The movie as a whole is what makes editing award-worthy according to editor Kirk Baxter, who shared an Oscar nomination for The Curious Case of Benjamin Button with Angus Wall, ACE Baxter explains, “What gives editing a helping hand comes from within the script. If something is moving along quite rapidly and taking you to different places, then the editing gets pushed to the forefront. Technique tends to stand out, but the task really is to make everything land and deliver a message at full understanding. It’s a much bigger picture – the whole movie is your real job. It just begins with that technique part.”

Kirk Baxter
Kirk Baxter

“When it feels like it’s a new experience, when you’re sucked into the movie and you’re not aware that you’re in a theater,” says Wall “you’re experiencing things like the characters, living vicariously through them. It feels like you’re part of the movie. To me that is a signal that everything is working on 16 cylinders.”

Michael McCusker, ACE, winner of an Eddy for the Oscar-nominated Walk the Line, feels that there is a bit of alchemy in cutting a movie, but agrees, “When I saw Bourne Ultimatum a few years ago, I smiled through the whole thing and said, ‘This guy is going to win.’ For two hours I felt like I was experiencing exactly what the character was experiencing. Even with all the complexities that movie had to offer in terms of action, story and intrigue, you always felt in the center of it, as if you were with Matthew Bourne.
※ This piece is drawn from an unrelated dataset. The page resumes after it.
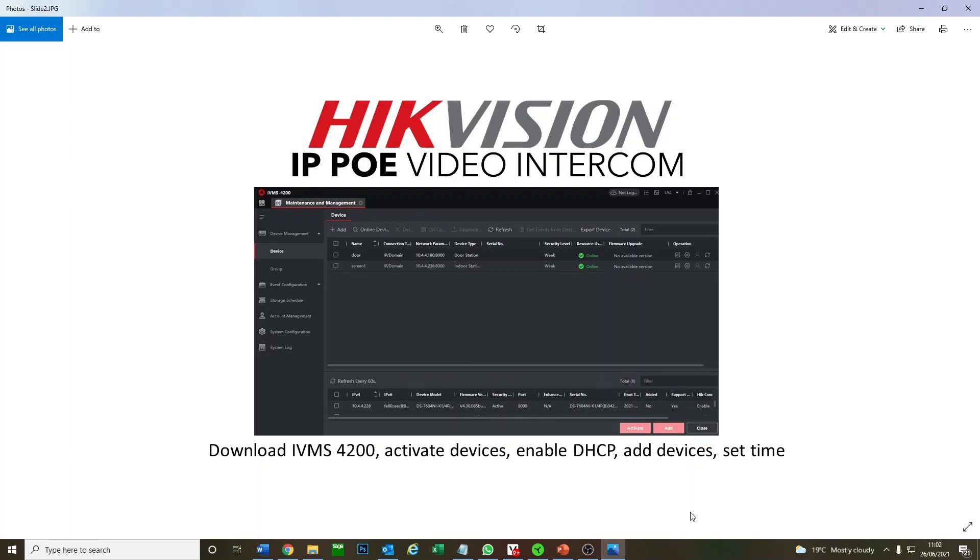Welcome to part two of our video series on Hikvision's IP PoE Video Intercom Generation 2. This is our second video. We recommend if you haven't seen the introduction, check it out. It tells you what's coming up in the series and the basic setup.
For me, that is the key to experiencing great editing.”

Michael McCusker
Michael McCusker

McCusker also felt that Oscar-winner Christopher Rouse, the editor of the film, edited that action flick in a very different way, “It is not just a bunch of cuts. It feels like there is a reason for every cut.”

Performance is perhaps the most important element of filmmaking that not only influences editing, but is influenced by editing. “Performance is everything!” exclaims Wall. “The whole idea is to create a complete movie with no false notes. I think of it like a balloon. If there is a hole in it, it won’t hold air.”
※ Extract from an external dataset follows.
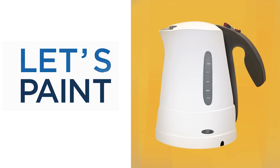Hey guys, this is Matt Kaur from ControlPaint.com, and today let's paint an electric kettle.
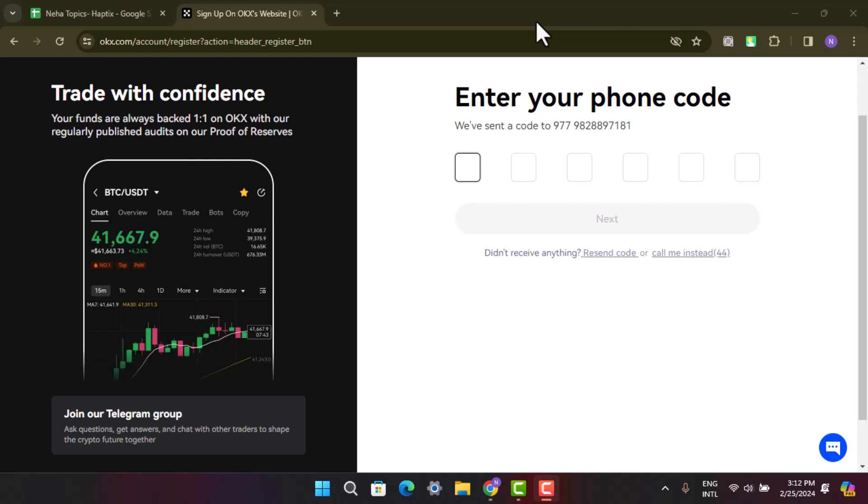After that, you'll be directed to the home page indicating that you have successfully created your OKX account. You can explore all of the features available on OKX and you can trade on the platform.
“It’s Hollywood’s little secret that a good editor can be the best friend of an actor. So much of editing is about crafting and shaping performances,” says Innis. “Cutting to and from the actors at any particular moment can be make or break.”

“Soviet filmmaker and film theorist, Lev Kulachov, experimented with this idea when he intercut an actor without an expression with various other shots,” shares Innis. “The difference between the connecting shot – a casket or a bowl of soup for example – led the audience to believe the actor was either sad or hungry. The actor had not been directed to act sad or hungry and had in fact not acted at all, except as perceived by the audience in the juxtaposition of the editing.”

In terms of performance influencing editing, for McCusker it all comes down to “What is truth?” When he looks at a performance, he looks for what “I feel is sincere and real.” This gets complicated since the concept is very subjective. “What is real might not be the same thing for you as it is for somebody else. That is why an editor wants to be aligned with a director that has the same taste because then you are both looking for the same thing.”

Because of this close collaboration between the editor and director, one of the difficulties in judging the editing of a film is actually distinguishing what the editor has done. “Hopefully, it is all a collaboration,” notes Baxter. As for seeing a particular hand in a collaboration he surmises, “You can work out the answers to those things with history, when you see partnerships that work.”

McCusker can’t see any way of differentiating between what the editor and what the director has contributed to the editing, nor does he think he wants to. “The whole point of the job is to be the guy behind the guy,” he said. “It is not to be the guy who stands front and center. It is to be helping that guy. I’ve often said, ‘I don’t make the movie, I just make it better.’ That’s the way I look at my job.”

It is these great partnerships that tend to create award-winning films and editing – think Thelma Schoonmaker and Martin Scorsese, Michael Kahn and Steven Spielberg, Joel Cox and Clint Eastwood, to name a few. McCusker surmises, “Maybe we should change the award to editing partnership.”